Description of the task:
Only one stretch of the data below is wanted: the lines starting at the one with "Blinded By The" and ending at the one with "JoyToy Warhammer 40K", both included, given again exactly.

---- Data to examine

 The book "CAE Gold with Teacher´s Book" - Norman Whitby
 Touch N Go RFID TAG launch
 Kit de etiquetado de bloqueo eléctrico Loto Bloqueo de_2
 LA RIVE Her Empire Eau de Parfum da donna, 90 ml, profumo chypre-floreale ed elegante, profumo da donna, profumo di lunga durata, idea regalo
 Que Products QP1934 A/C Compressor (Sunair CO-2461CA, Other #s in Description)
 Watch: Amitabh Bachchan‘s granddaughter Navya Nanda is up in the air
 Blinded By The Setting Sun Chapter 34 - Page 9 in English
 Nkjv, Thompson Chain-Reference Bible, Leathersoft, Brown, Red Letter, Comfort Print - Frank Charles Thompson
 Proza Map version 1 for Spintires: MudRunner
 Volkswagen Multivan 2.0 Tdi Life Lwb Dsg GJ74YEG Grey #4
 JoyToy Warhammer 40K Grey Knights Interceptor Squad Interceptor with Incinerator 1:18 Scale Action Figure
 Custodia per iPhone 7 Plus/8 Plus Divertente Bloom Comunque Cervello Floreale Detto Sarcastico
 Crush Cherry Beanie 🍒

--------
---- Data to examine

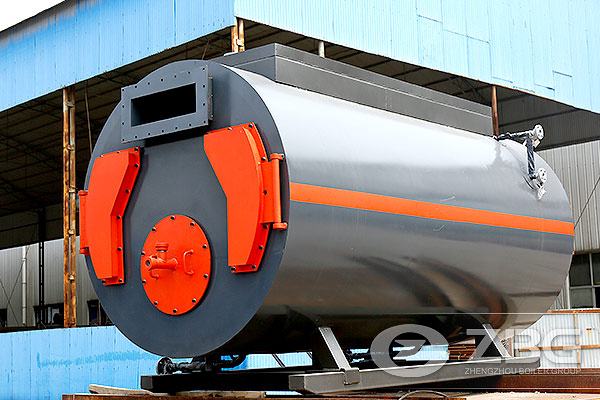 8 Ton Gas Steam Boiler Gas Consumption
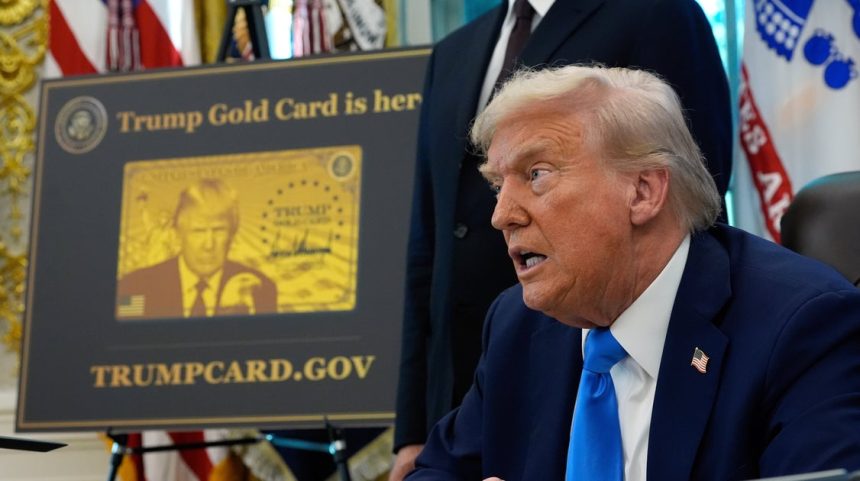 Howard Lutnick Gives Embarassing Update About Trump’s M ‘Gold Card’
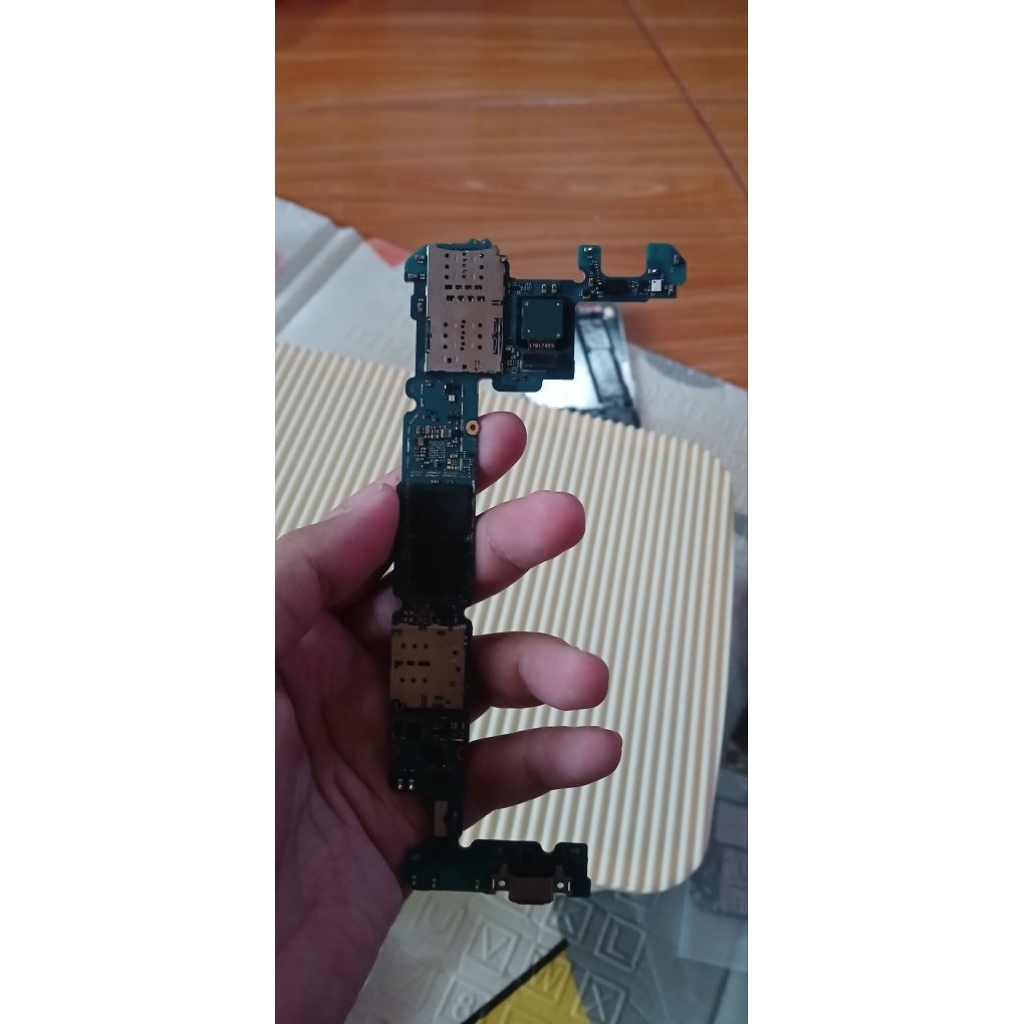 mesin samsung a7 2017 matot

--------

Answer area:
 Blinded By The Setting Sun Chapter 34 - Page 9 in English
 Nkjv, Thompson Chain-Reference Bible, Leathersoft, Brown, Red Letter, Comfort Print - Frank Charles Thompson
 Proza Map version 1 for Spintires: MudRunner
 Volkswagen Multivan 2.0 Tdi Life Lwb Dsg GJ74YEG Grey #4
 JoyToy Warhammer 40K Grey Knights Interceptor Squad Interceptor with Incinerator 1:18 Scale Action Figure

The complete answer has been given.